> **Problem description**: Would you print only the lines running from the one with "Maple Business Card Holder" to the final line of the data below, word for word and without pictures?

> **Recorded information**:
####################
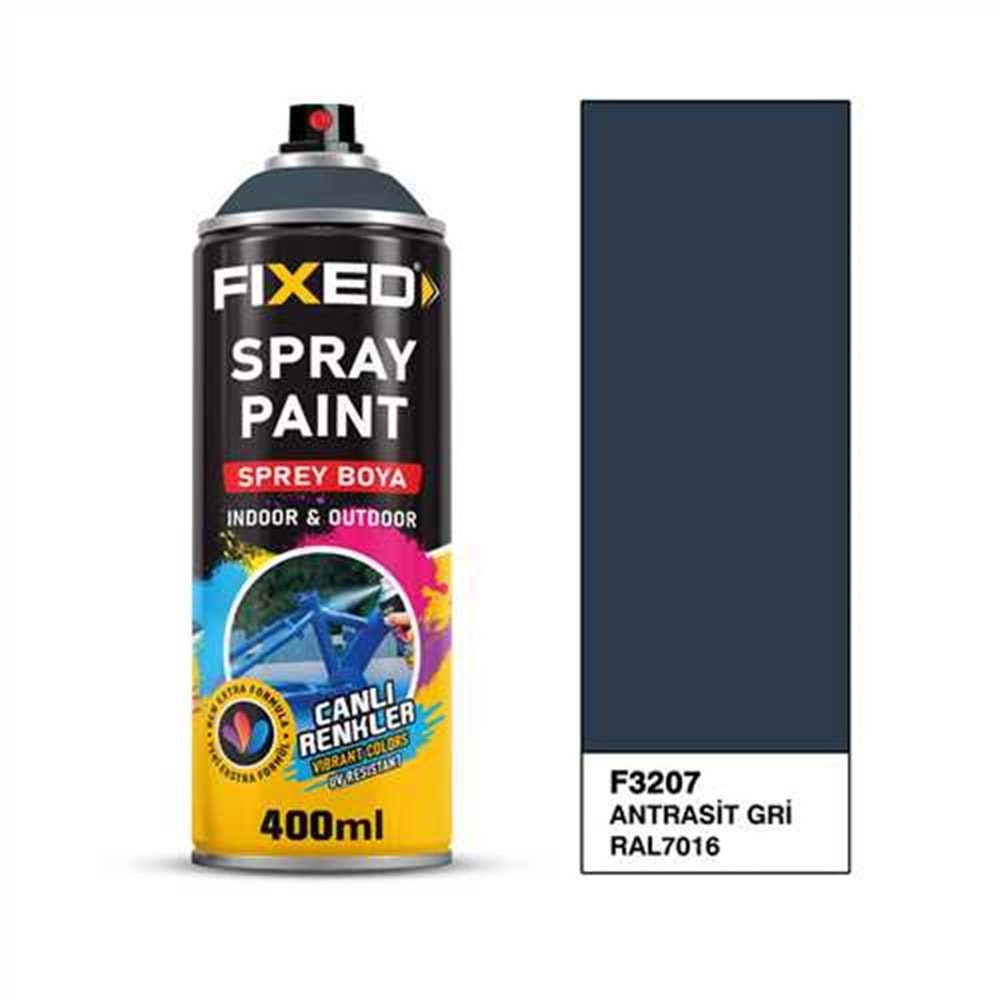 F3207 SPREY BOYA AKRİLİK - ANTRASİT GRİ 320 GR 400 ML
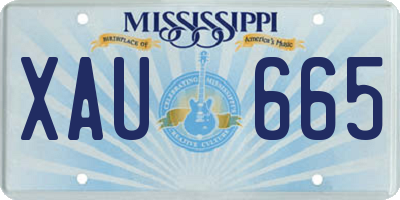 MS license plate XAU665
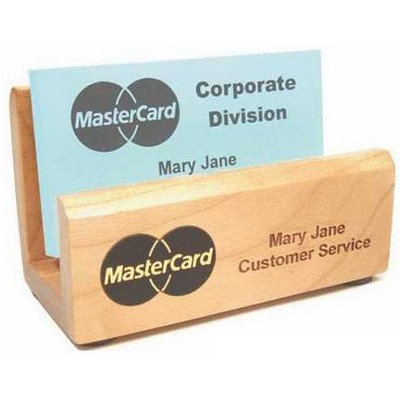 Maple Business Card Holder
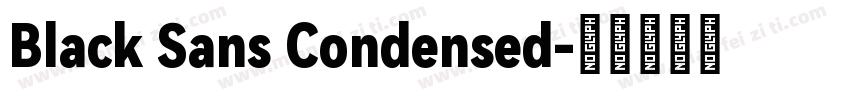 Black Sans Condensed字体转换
####################
> **Exercise result**:
 Maple Business Card Holder
 Black Sans Condensed字体转换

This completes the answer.